(CNN) A federal appeals court said Wednesday it would not reinstate President Joe Biden's Covid-19 vaccine mandate for federal employees while it reviews a lower court's order putting the requirement on hold -- potentially setting the stage for the case to go to the Supreme Court.
The 5th US Circuit Court of Appeals did not explain its reasoning in the unsigned order that said the court was expediting its review of the case. The court said the Biden administration's request to put the lower court's ruling on hold was being "carried with the case," signaling that the appeals court would not rule on the request until it had conducted a fuller review of the case.
The mandate, which applied to some 3.5 million federal workers, required full vaccination by the end of November, although the administration said it would first counsel employees who resisted vaccination rather than discipline or fire them. On December 9, the Office of Management and Budget said the federal workforce was 97.2% compliant with the mandate -- a figure that included people who had pending or approved exemptions.
Last month, a federal judge in Texas blocked the administration from enforcing the requirement, calling the mandate an overstep of presidential authority and citing a Supreme Court decision to strike down a separate administration mandate that had applied to private-sector workers.
One judge on the appellate panel, US Circuit Judge Stephen Higginson, dissented.

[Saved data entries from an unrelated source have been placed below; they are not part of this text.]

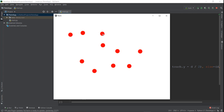Alright guys, welcome back. So in the last video, we learned how to draw an ellipse whenever we touched our screen with our mouse or our fingers if we are using an Android phone.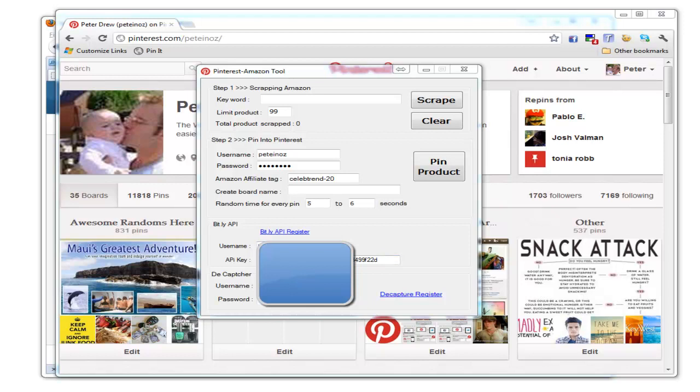You also need to supply your Decaptcha username and password. Captchas pop up very randomly and don't pop up very often—generally once every hundred submissions.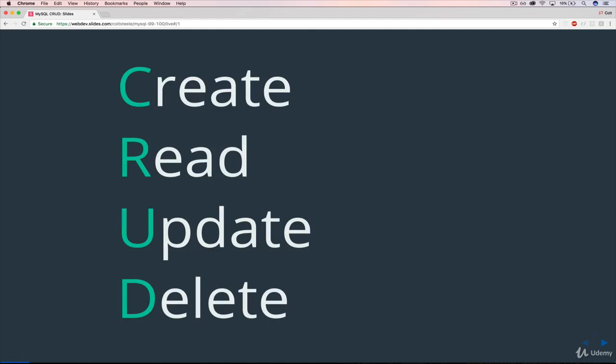The idea is that these are the four main operations that we perform on our data. We've already seen how to create data. When we have a database, we want to be able to add data in, we want to be able to search back or read it back out, we want to be able to update it, and then also to delete it. Those are the four most important and most common operations that we'll do.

"[T]he public interest is not served by a single Article III district judge, lacking public health expertise and made unaccountable through life tenure, telling the President of the United States, in his capacity as CEO of the federal workforce, that he cannot take the same lifesaving workplace safety measures as these private sector CEOs," wrote Higginson, an Obama appointee.

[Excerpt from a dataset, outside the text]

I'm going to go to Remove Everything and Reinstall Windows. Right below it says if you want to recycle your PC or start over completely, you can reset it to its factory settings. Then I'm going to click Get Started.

Circuit Judges Jerry Smith, a Reagan appointee, and Don Willett, a Trump appointee, were in the panel's majority.
As Higginson noted in his scathing 10-page dissent, 12 other federal courts had rejected requests to block the mandate before Judge Jeffrey Vincent Brown granted it in January. He also called out the panel majority for failing to rule directly on the government's emergency request to put Brown's injunction on hold.
"The only court that can now provide timely relief is the Supreme Court," Higginson wrote.